Cinquantadue anni fa, il 28 agosto 1963 a conclusione di una marcia sui diritti civili a Washington, Martin Luther King tenne il suo famoso discorso «I have a dream».
«I have a dream»: «Ho un sogno». Il 28 agosto del 1963, al termine di una marcia di protesta per i diritti civili, Marthin Luther King pronunciò il suo discorso davanti al Lincoln Memorial di Washington  consapevole di aver parlato con parole che avrebbero lasciato il segno: «Sono felice di unirmi a voi in questa che passerà alla Storia come la più grande dimostrazione per la libertà nella storia del nostro Paese.»
“One Man. One March. One Speech. One Dream.”
Dal 28 agosto 1963 l’espressione «I have a dream» è diventata un’icona universale. In un discorso di 17 minuti, il reverendo Martin Luther King ha condensato la potenza del suo messaggio, affidandolo ai posteri. Da quel momento la lotta contro il razzismo e la segregazione razziale non è stata più la stessa.
Il discorso della marcia su Washington, noto come I Have a Dream Speech, ha avuto varie versioni differenti fra loro, scritte in diversi periodi.

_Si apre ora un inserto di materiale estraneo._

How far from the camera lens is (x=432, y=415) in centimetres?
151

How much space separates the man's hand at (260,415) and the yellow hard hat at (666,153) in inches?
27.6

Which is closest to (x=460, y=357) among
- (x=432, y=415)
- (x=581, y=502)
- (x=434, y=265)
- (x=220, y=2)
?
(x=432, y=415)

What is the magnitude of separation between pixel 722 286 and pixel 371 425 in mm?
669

Fu durante l’orazione del discorso che ispirato dalla cantante Mahalia Jackson che continuava ad urlargli «Parla del sogno, Martin!»,  King accotonò i fogli e iniziò a parlare a braccio, con spontaneità e improvvisazione.

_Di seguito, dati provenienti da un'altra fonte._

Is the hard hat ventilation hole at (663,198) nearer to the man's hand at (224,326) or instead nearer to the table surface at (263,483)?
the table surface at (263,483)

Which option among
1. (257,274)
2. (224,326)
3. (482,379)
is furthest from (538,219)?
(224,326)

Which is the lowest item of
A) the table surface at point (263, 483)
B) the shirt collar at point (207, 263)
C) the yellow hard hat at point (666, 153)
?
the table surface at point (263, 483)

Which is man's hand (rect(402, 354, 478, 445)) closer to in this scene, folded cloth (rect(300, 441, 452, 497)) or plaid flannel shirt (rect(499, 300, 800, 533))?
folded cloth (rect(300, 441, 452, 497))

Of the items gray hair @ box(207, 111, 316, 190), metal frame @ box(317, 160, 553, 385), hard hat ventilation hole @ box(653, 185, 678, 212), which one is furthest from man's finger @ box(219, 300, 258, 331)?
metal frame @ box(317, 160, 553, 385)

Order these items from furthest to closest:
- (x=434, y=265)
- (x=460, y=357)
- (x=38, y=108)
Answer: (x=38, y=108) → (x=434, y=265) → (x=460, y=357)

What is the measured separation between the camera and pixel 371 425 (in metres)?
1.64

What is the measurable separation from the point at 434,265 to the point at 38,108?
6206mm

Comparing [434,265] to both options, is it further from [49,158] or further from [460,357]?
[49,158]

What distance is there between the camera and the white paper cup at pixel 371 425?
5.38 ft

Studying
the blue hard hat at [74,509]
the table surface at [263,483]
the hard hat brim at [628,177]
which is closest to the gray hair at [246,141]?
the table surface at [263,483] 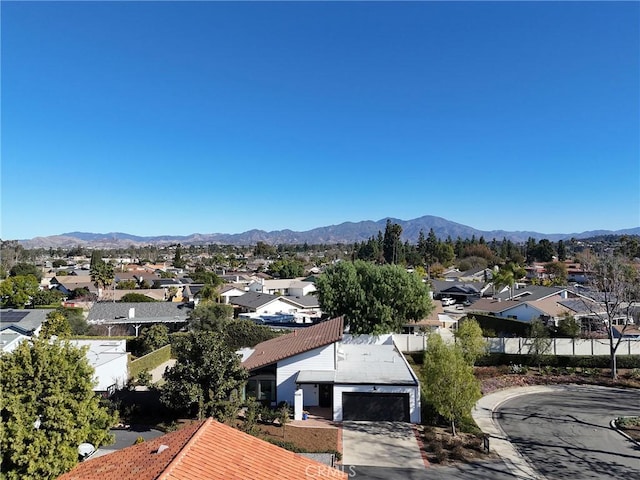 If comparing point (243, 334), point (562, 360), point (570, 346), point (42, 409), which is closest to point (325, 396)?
point (42, 409)

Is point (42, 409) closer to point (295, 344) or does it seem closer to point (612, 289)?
point (295, 344)

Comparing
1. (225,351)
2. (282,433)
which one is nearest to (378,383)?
(282,433)

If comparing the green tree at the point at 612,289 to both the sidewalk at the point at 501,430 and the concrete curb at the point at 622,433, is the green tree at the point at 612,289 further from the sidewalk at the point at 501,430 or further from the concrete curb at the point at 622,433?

La marcia su Washington è stata solo il culmine di una lotta per i diritti civili iniziata nel lontano 1955 a Montgomery, in Alabama, quando una sarta di nome Rosa Parks si rifiutò di cedere il suo posto in autobus ad un passeggero bianco. Anni dopo numerose associazioni si diedero appuntamento nella capitale degli Stati Uniti per dimostrare al mondo la forza dirompente delle loro idee.
Nel 1963 King fu nominato dalla rivista Time “uomo dell’anno”, mentre nel 1964 ricevette il premio Nobel per la pace. Nello stesso anno il Congresso varò il Civil Rights Act, la norma che rende illegale la segregazione razziale. Ma il cammino verso un’America più libera e più giusta era appena iniziato.
« Io ho un sogno, che i miei quattro figli piccoli vivranno un giorno in una nazione nella quale non saranno giudicati per il colore della loro pelle, ma per ciò che la loro persona contiene. Ho un sogno, oggi! »
Le idee espresse nel discorso riflettono le esperienze di etnocentrismo e maltrattamento vissute da King. Mette apertamente in discussione il modo con cui l’America si definisce «nazione fondata per portare giustizia e libertà a tutti i popoli.»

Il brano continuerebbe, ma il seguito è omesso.